The Asda store in Leith, Edinburgh today. The panic has hit and people are buying bog rolls which have now sold out as you can see in my photo. Pasta has also sold out, but everything else was right there on the shelves, including a lot of pasta sauce.

Presumably, people are planning to make bog roll and pasta casseroles, or something. 

Wednesday 4 March 2020

The Chinese Virus Inspired Panic Buying is not General

I enjoy going shopping late at night when the roads are clear and the supermarkets are almost empty. I did a big shop the other night at a Tesco and the shelves were not full by any means. As I reported in my last posting, people are having stuff delivered to their homes, according to a Tesco worker.

Yesterday I went to a Lidl to pick up some milk, and the place was empty in mid-afternoon and all the shelves were fully stocked. Speaking to a worker there - in Spanish of course - I discovered that Lidl sales are actually not all that great. They are not bad, just not what you expect if people are panic buying in large numbers.

Then I realised that Lidl do not do home deliveries and the panickers are trying to avoid leaving their homes.

What I think this means is that a section of the middle class, who can skive off work easily and afford to pay for home deliveries, are sat in their houses shitting their loads. Meanwhile, the people who actually work for a living are going about their normal routines, oblivious to it all.

I have a feeling that this restarting the blog idea may turn out to have been a false alarm as the Chinese virus may turn out to be something and nothing.

Sunday 1 March 2020

What Are We to Make of This Chinese Virus?

I read somewhere that people are buying chest freezers so that they can stock up with more food. I didn't believe that but going to the big Tesco yesterday morning changed my mind.

The place was near empty so I was able to wander around quite happily and even pause for a natter with various workers who I have got to know over the years.

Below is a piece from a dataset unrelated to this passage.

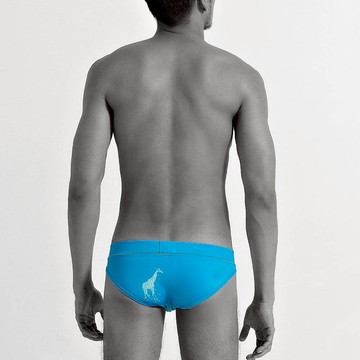 【Goorule】動物印花三角內著_03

I made a comment about the seeming press overreaction to one worker and she answered that the panic exists, but it involves people buying food for delivery and that the deliverymen are rushed off their feet with enough overtime to keep anyone happy. She then pointed out all the empty spaces on the shelves where frantic staff are filling trolleys to load onto the vans and there are not enough of them to keep the shelves fully stocked. So, the panic is happening, it is just not happening in the stores where regular punters like me can see it.

I still reckon that a well-stocked pantry is enough, along with a wad of dosh in a wallet under the bed. The world is not gonna end, so let's relax.

With that in mind, I can't face the thought of doing a daily commentary on items from the press, but I have decided that the Coronavirus might turn out to be something important so I will restart the blog and comment on the things that I see in Edinburgh.

Just don't expect many commentaries as this could all blow over very quickly.